Bit rot is real. Last month we’ve had weird linker errors on one of our build servers. Turns out that one of the binary libs in the build cache got a single bit flipped in the symbol table, which changed the symbol name, causing the linker errors. If the bit-flip had occured in the .TEXT section, then it wouldn’t have caused any errors at build time, and we would have released a buggy binary. It might have just crashed, but it could have silently corrupted data…
I’ve had a case where a bit flip in a TCP stream was not caught because it happened in a Singapore government deep packet inspection snoop gateway that recalculated the TCP checksum for the bit-flipped segment:
Fragmentation doesn’t change the TCP checksum. The packet is reassembled and the original checksum verified against the rehydrated packet and TCP segment.

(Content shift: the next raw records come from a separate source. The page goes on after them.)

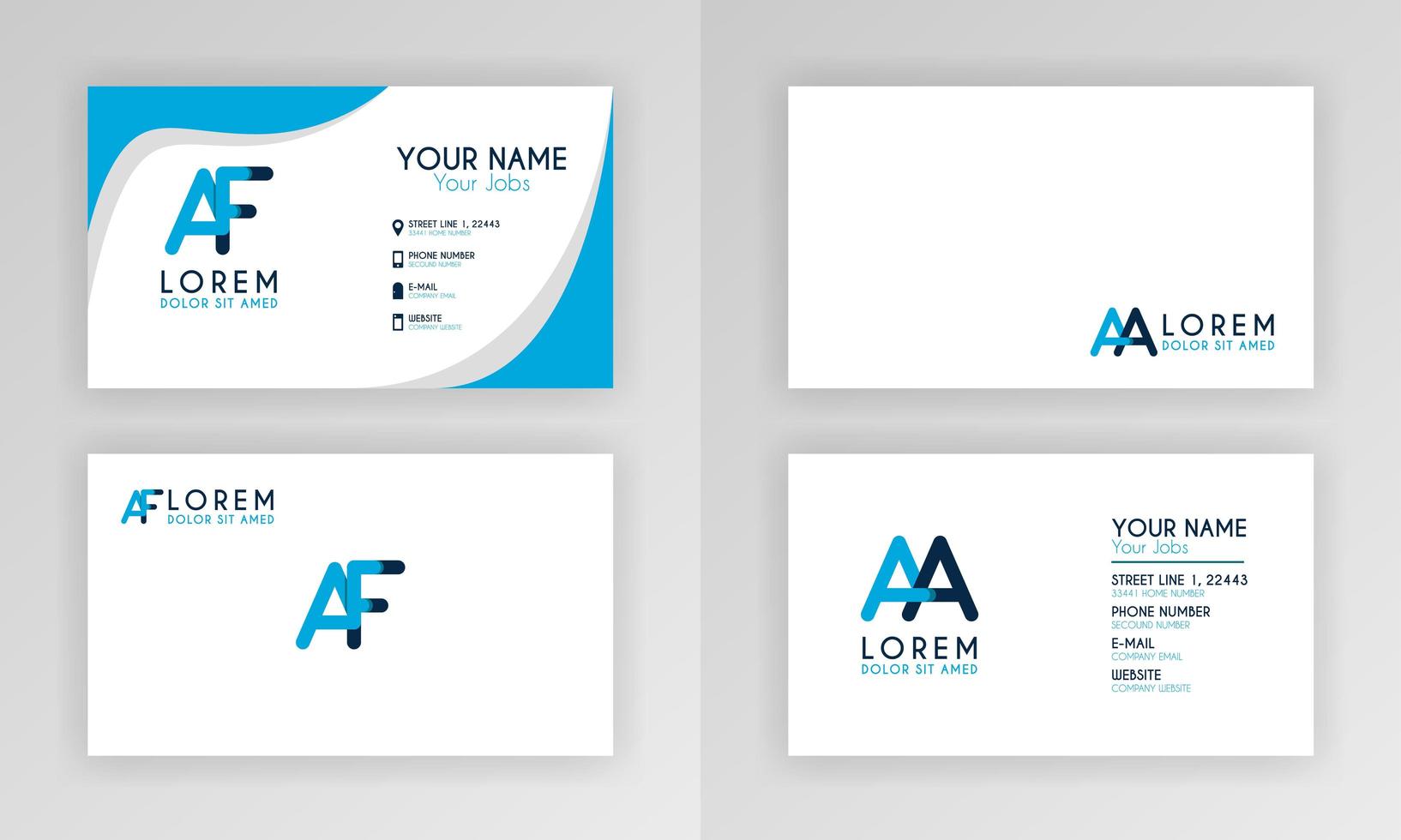 blaue Visitenkartenvorlage. einfaches Ausweisdesign mit Alphabet-Logo und Schrägstrich-Akzentdekoration. für Unternehmen, Unternehmen, Beruf, Wirtschaft, Werbung, Öffentlichkeitsarbeit, Broschüre, Poster vektor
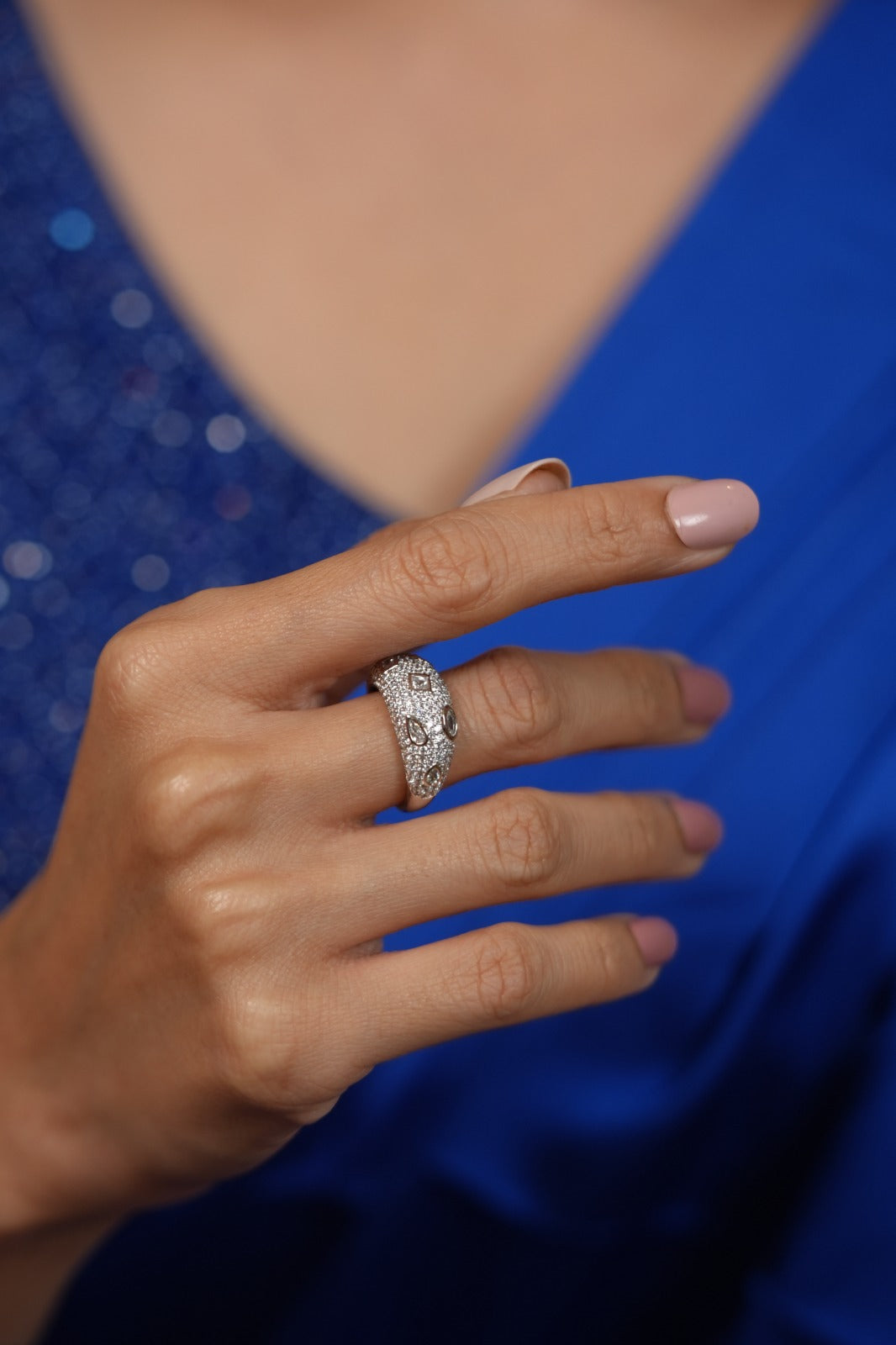 Rock Roll Diamond Designer Band Ring | Daily Wear (SILVER)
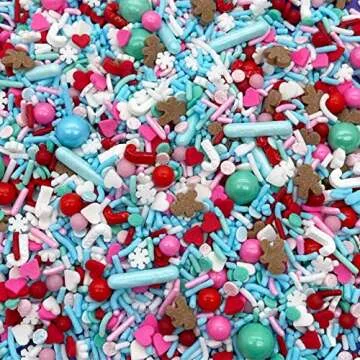 Ugly Sweater Sprinkle Medley, Christmas sprinkles, cookie sprinkles, edible sprinkles, Jimmies, holiday sprinkles, cupcake topping, Manvscakes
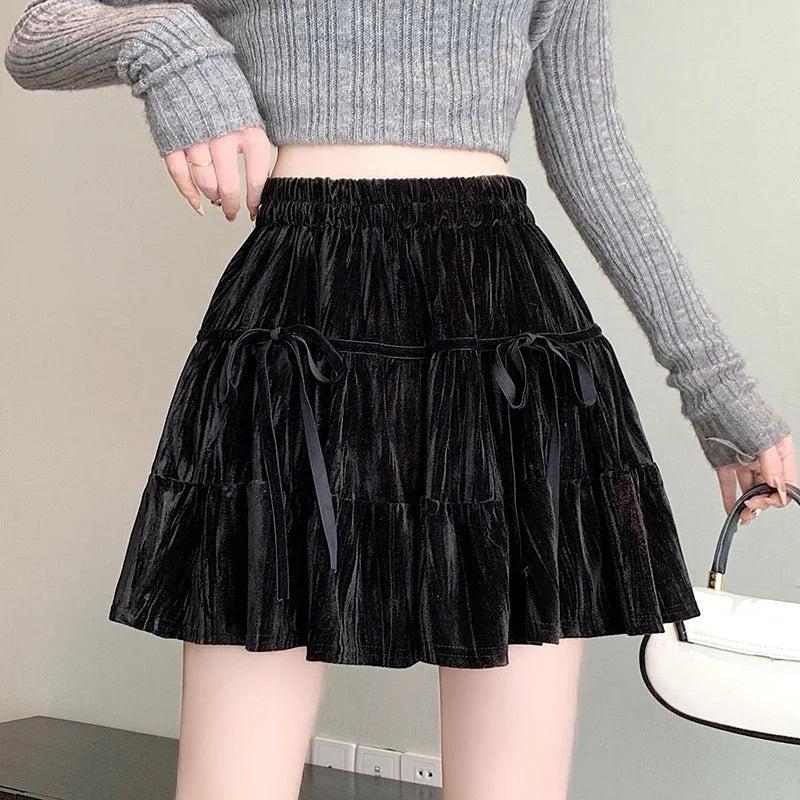 Hnewly Casual A Line Mini Kawaii Skirt Women Clothing High Waist Bow Black Faldas Largas Korean Style Harajuku Pleated Velvet Skirts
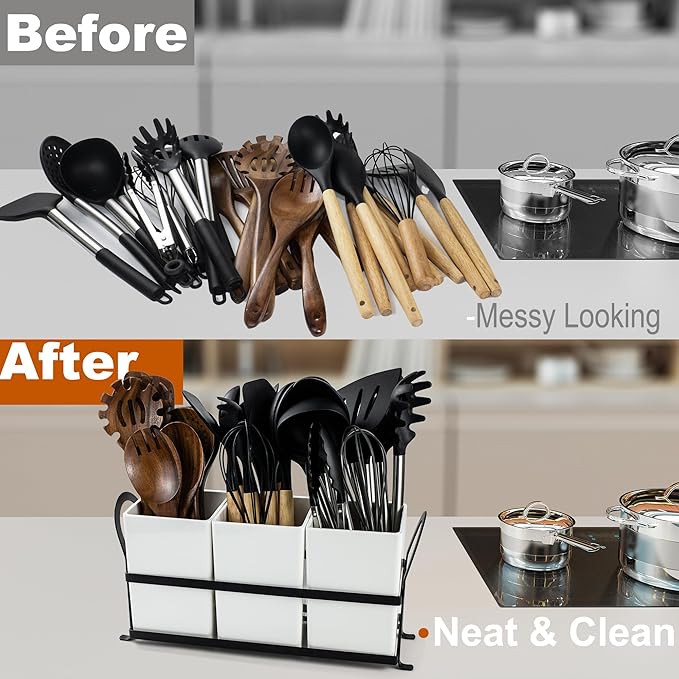 Czlizdyt Large Kitchen Utensil Holder, Drainage Utensil Caddy for Countertop, 3pcs Bins Set Cooking Utensil Organizer for Spoons, Spatulas, White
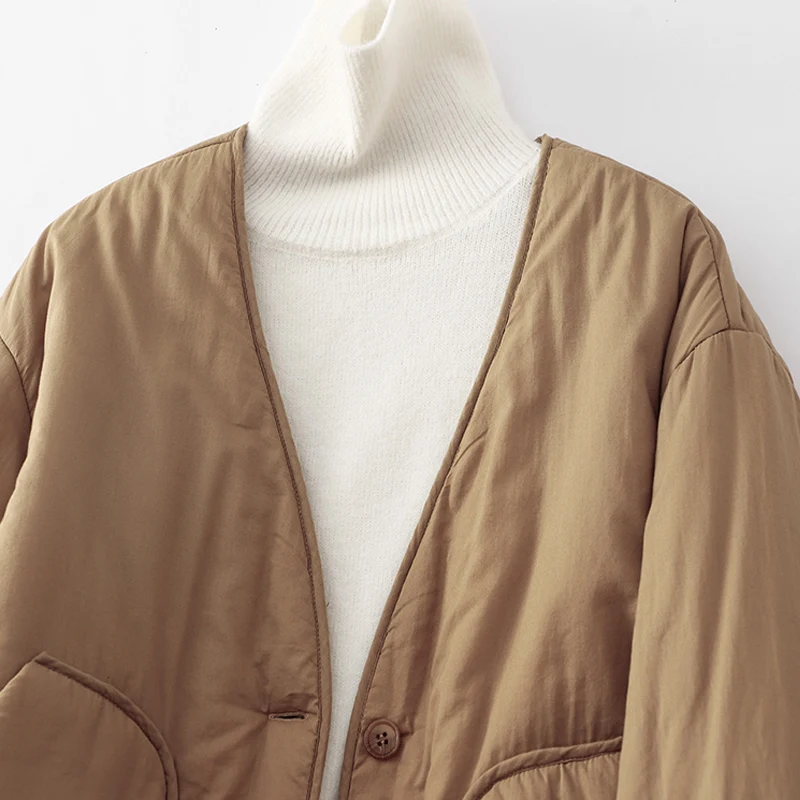 Casual Oversized Dameskleding 2024 Nieuwe Herfst V-Hals Casual Losse Dunne Parka \'S Dames Katoenen Gewatteerde Bovenkleding Jassen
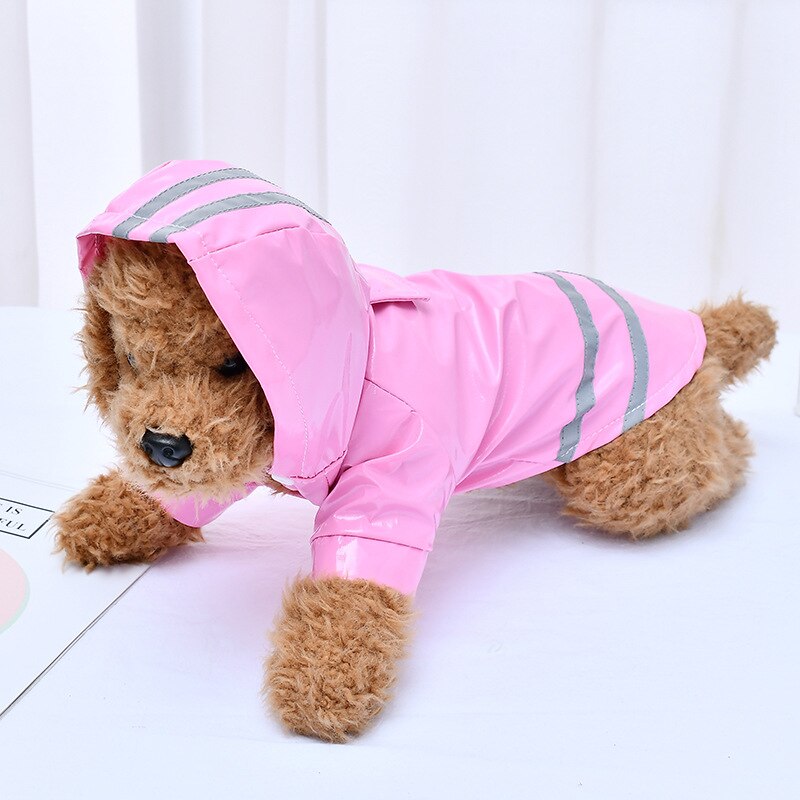 Dog Raincoat PU Reflective Strip Hooded Raincoat Teddy Bear Pet Clothes Ropa Perro Rain coat Dog Costumes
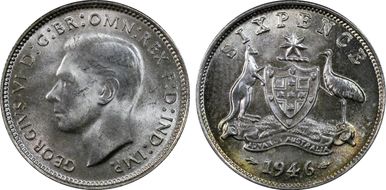 1946(m) 6D KM-38a  Ag MS64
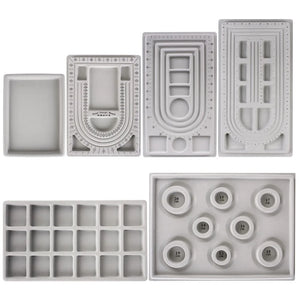 Gray Flocked Bead Board Bracelet Necklace Organizer Tray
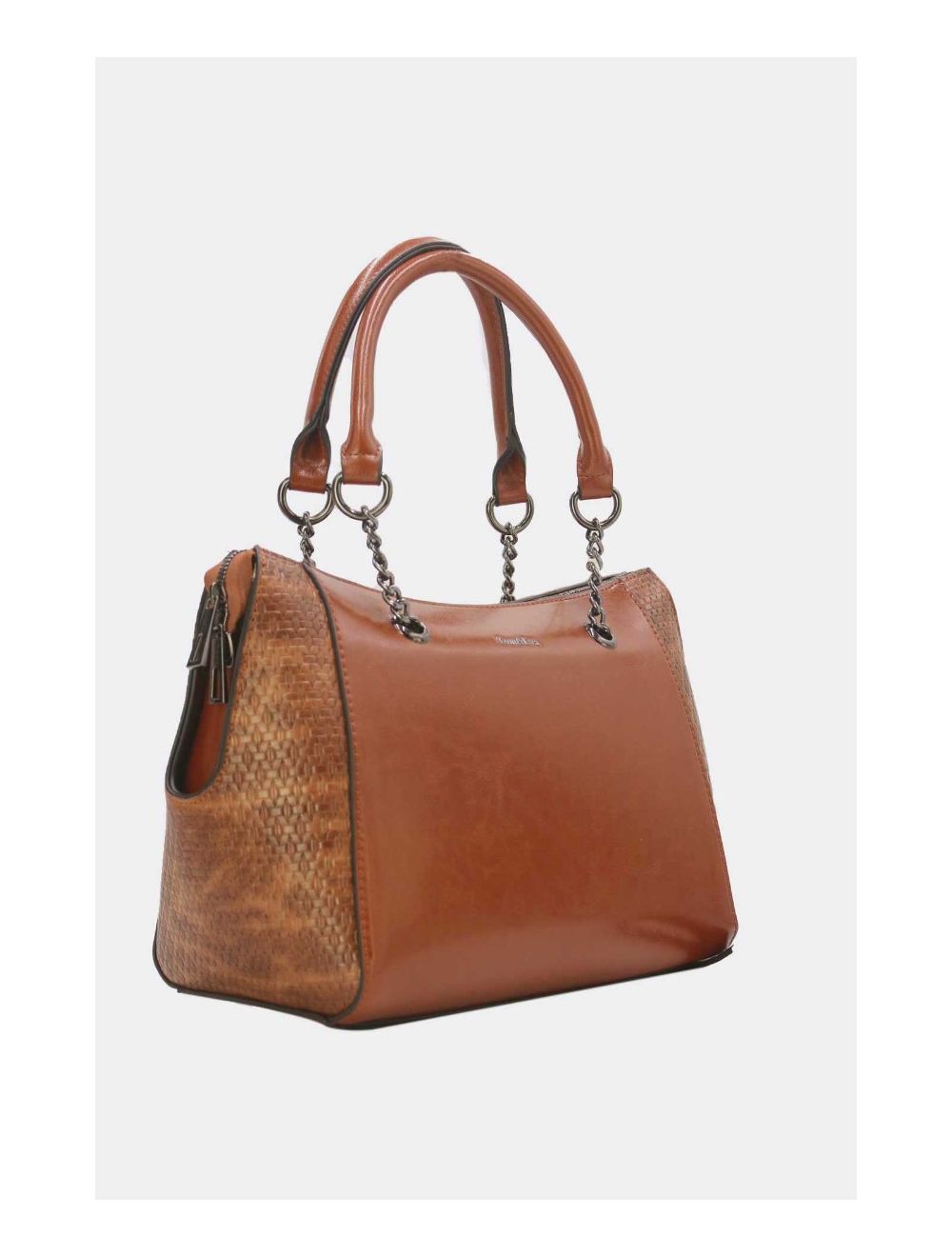 Tom&eva Sac à Main Femme Effet Paille Et Verni 24B-6094-Marron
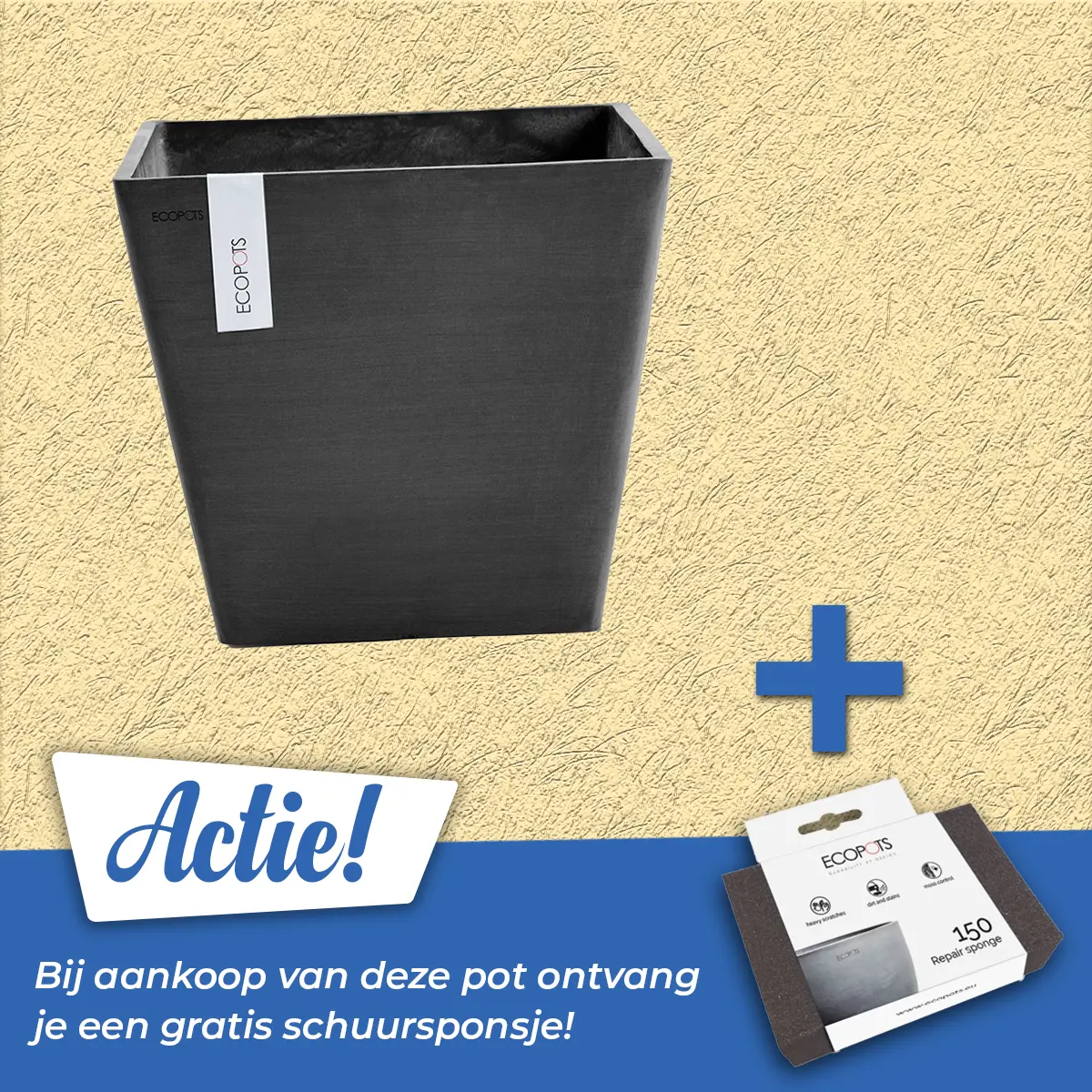 Ecopots Pot rotterdam dnkrgrijs l50b50cm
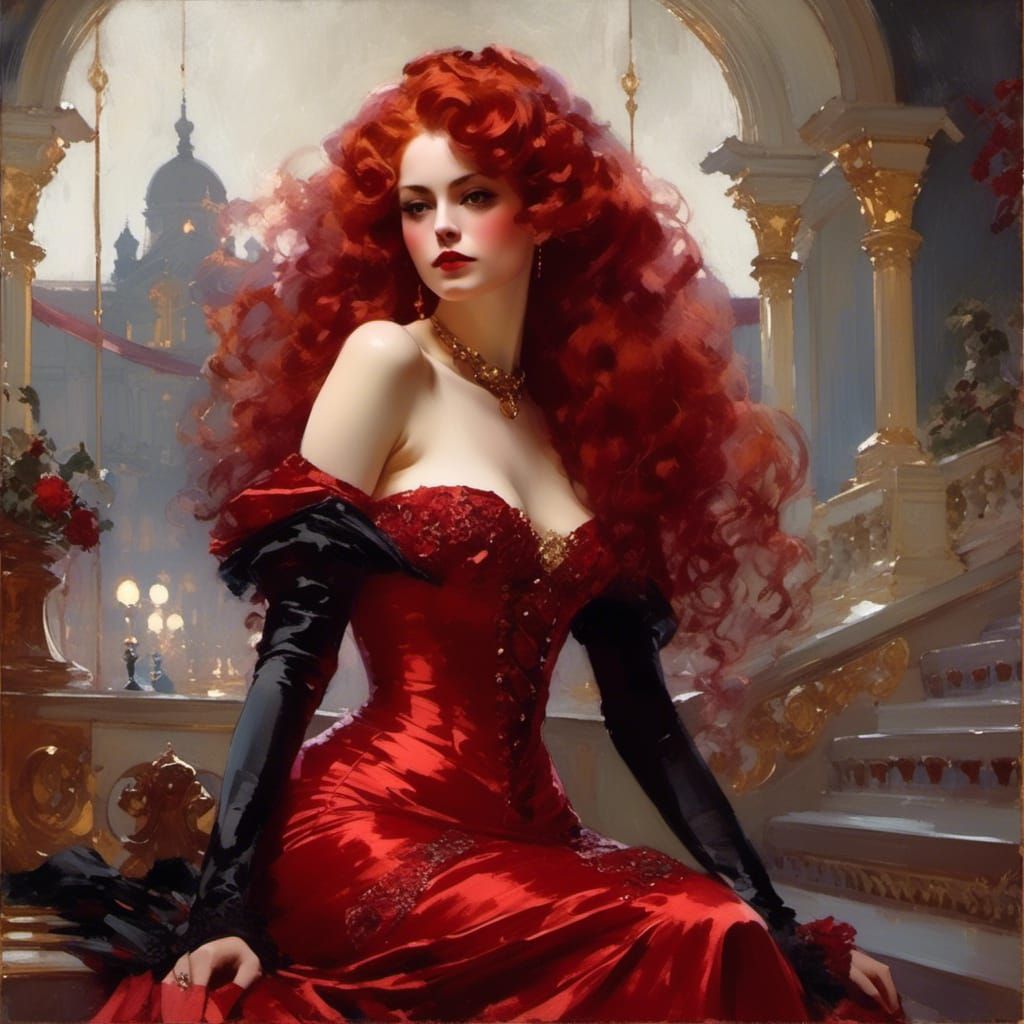 Victorian Vampire Mina Harker in Edward Cucuel Style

It may be a regional thing but I have never heard ”bit rot” refer to legacy code. In the retro computing circles bit rot refers to hardware defects (usually floppies or other storage media) caused by cosmic rays or other environmental hazards.
I agree this is the primary context, but I've seen unmaintained (or very old) software being reffered to as "bit rotting" by extension. As in, forward compatibility might break due to obsolete dependencies, etc.
Same here. “Bit rot” is then analogous to food rot: the longer your data sits unverified, the more likely that there will be flipped bits and therefore “rotten data”.
Well, it wasn't that hard to uncover actually. We knew that the same build succeeds on our machines. So we only had to find what the difference was between the two :)
As Arthur Conan Doyle put it: "Once you eliminate the impossible, whatever remains, no matter how improbable, must be the truth." ¯\_(ツ)_/¯
Well done, Watson. This calls for a bit of snuff. Seriously, this is the kind of thing that keeps me up at night, and it's nice to hear a happy ending =D
I'm just thinking (of course) that you said If the bit-flip had occured but it's probably already when the bit flip occurs in the .TEXT section; we don't know what it might already have caused or just passed without notice (unreproducible bug, or bitflip in function that's never called or whatever).
Says it's a Mac/iOS build platform. Since it's a commercial service they're probably complying with the license and thus using actual Mac hardware, and in turn the only ECC option is the really awful value, outdated Mac Pro. Seems more likely they're using Minis instead, or at least mostly Minis. An unfortunate thing about Apple hardware (says someone still nursing along a final 5,1 Mac Pro for a last few weeks).